* WHAT YOU ARE ASKED TO DO *
In the records below, find the line holding "Bild : Die Waldsiedlung" and the line holding "Building Photo - 1538 W Wrightwood Ave". Set down both, with every line between them, exactly.

* THE INPUT *
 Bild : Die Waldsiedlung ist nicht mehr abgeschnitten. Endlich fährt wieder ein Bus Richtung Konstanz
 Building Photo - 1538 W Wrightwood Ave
...
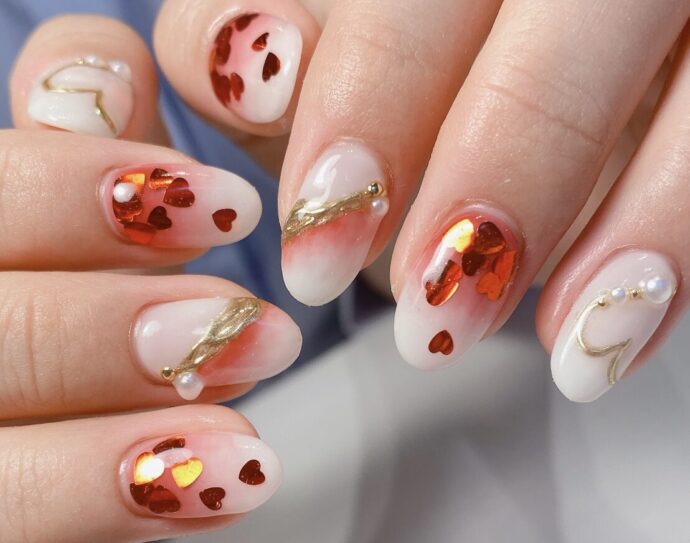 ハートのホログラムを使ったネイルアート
---
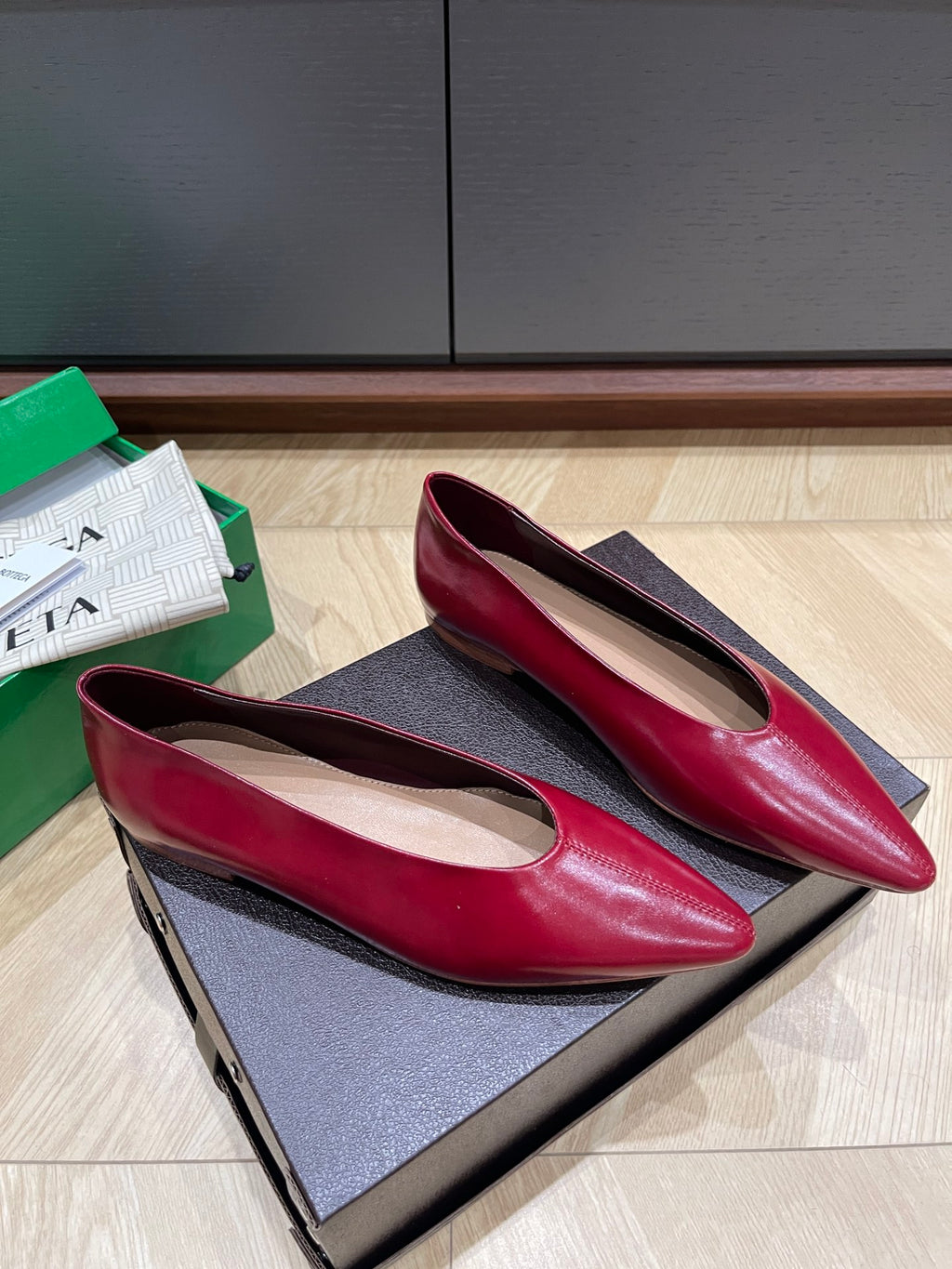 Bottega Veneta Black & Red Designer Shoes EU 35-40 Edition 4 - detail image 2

* SOLUTION *
 Bild : Die Waldsiedlung ist nicht mehr abgeschnitten. Endlich fährt wieder ein Bus Richtung Konstanz
 Building Photo - 1538 W Wrightwood Ave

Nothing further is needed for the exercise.